Bonaventure Soh Bejeng : Le métier de commissaire peut devenir très égocentrique : je voulais à tout prix dépasser ce travers et être dans le dialogue. Aziza Harmel, Astrid Sokona Lepoultier et Kwasi Ohene-Ayeh ont des approches très différentes ; je voulais faire travailler ensemble, et avec moi, tous ces jeunes curateurs. C’est ensemble que nous avons choisi les artistes et écrit l’exposition.
Lors de l’appel à projets, nous avons reçu 330 candidatures parmi lesquelles nous avons choisi une quarantaine d’artistes et en avons sélectionné une quarantaine d’autres. Au final, nous comptons aujourd’hui 85 « positions ». Je dis « positions » et non pas artistes, parce que nous avons intégré de nombreux collectifs. C’était un point important à mes yeux : inviter des collectifs, c’est s’interroger sur le vivre -ensemble. Comment travailler ensemble ? Comment dépasser les egos de chacun pour faire de l’art ? Dix collectifs seront présents à la biennale, des collectifs en provenance d’Haïti, d’Algérie, mais aussi trans-africains comme Invisible borders ou pan-africains comme MFON: Women Photographers of the African Diaspora.
Quels seront les autres artistes exposés ?
Bonaventure Soh Bejeng : Il y aura également ceux que l’on appelle les «Solid rocks », des artistes qui travaillent depuis des décennies. On a invité Deborah Willis, photographe et curatrice, le Nigérian Akinbode Akinbiyi qui fait de la photographie depuis les années 1970, ou encore Felicia Abban, la première femme photographe du Ghana. La jeune garde n’est pas en reste non plus avec Adeola Olagunju qui travaille sur la spiritualité, mais aussi la Sud-Africaine Jodi Bieber qui va proposer un format né d’interviews avec des jeunes. Il y aura aussi l’artiste conceptuel camerounais Guy Woueté qui présentera une série d’autoportraits stéréotypés où il pose avec des ignames ou des bananes. Enfin, huit poètes ont été sélectionnés pour participer à la rédaction du catalogue de l’exposition
Les artistes seront exposés dans des lieux différents, notamment au Musée National du Mali, au Musée du District, à la Galerie Médina et à l’Institut français de Bamako. Pourquoi avoir multiplié les espaces ?
Igo Diarra : Le nombre de sites est en augmentation parce que le nombre d’artistes a augmenté ! Ensuite, nous pensons qu’il est nécessaire que l’art se rapproche des gens. Pour cela, nous avons décidé d’investir, en plus des lieux muséaux, le champ scolaire. Certains anciens internats et réfectoires deviendront des galeries-musées.

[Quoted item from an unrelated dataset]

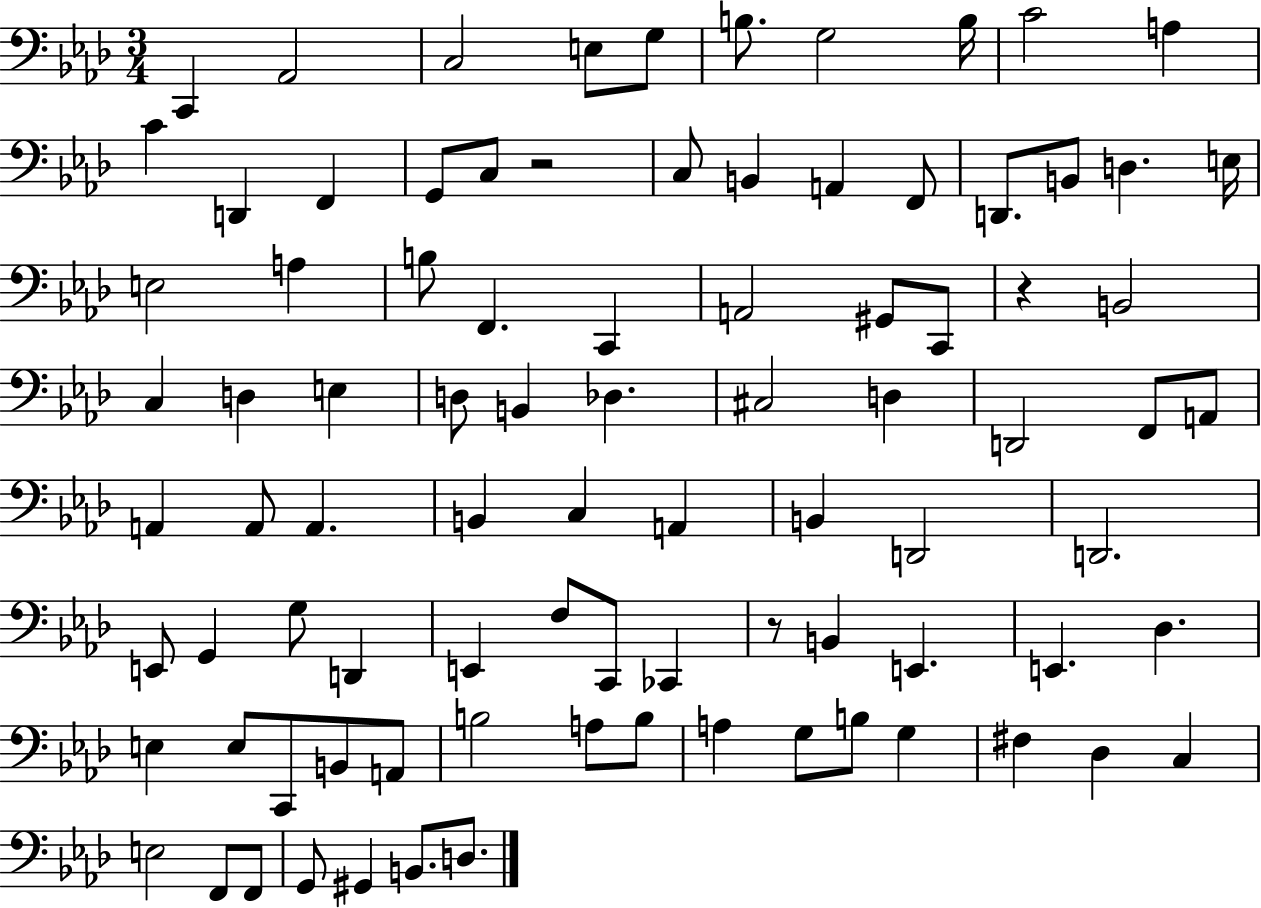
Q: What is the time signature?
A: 3/4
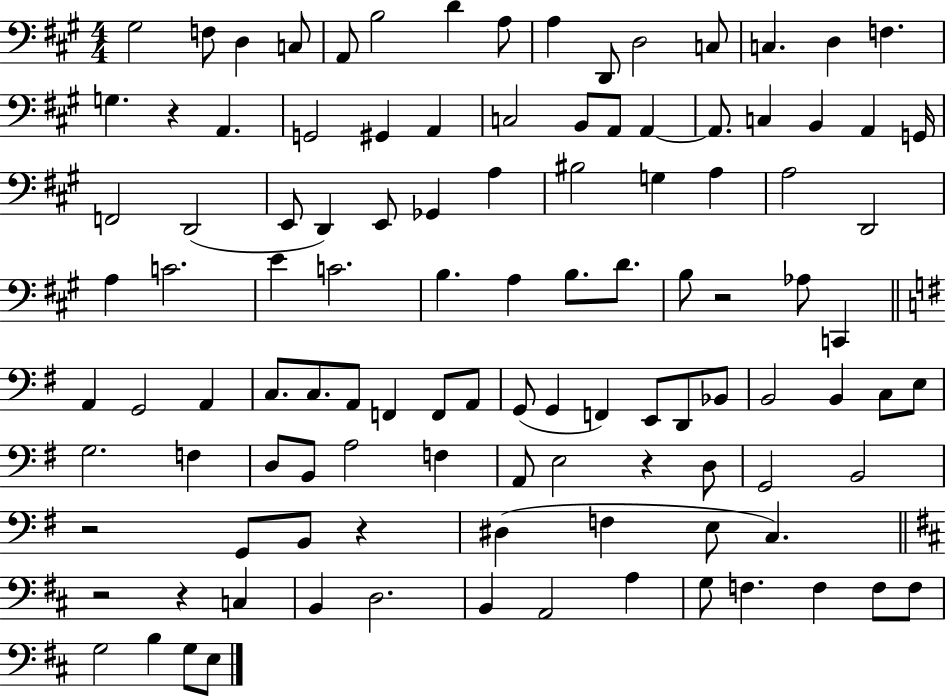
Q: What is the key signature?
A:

Bonaventure Soh Bejeng : Nous souhaitions effectivement décentraliser l’art, ne pas rester dans les lieux connus. Pour la première fois, le musée des femmes va participer à la Biennale. Et cela permet de s’interroger sur ce qu’est une exposition. Doit-elle se faire seulement dans les musées ? Ne peut-elle pas aussi avoir lieu dans la rue ?
La photographie occupe-t-elle une place particulière en Afrique ?
Igo Diarra : Bamako, c’est la Mecque de la photographie africaine, tous les talents qui ont émergé sur le continent ces 25 dernières années ont fait leurs armes à Bamako. Et pratiquement tous les grands photographes sont passés par la Biennale. C’est un passage obligé !

Fondées en 1994, les Rencontres de Bamako sont organisées par le Ministère de la Culture du Mali avec le soutien de l'Institut français.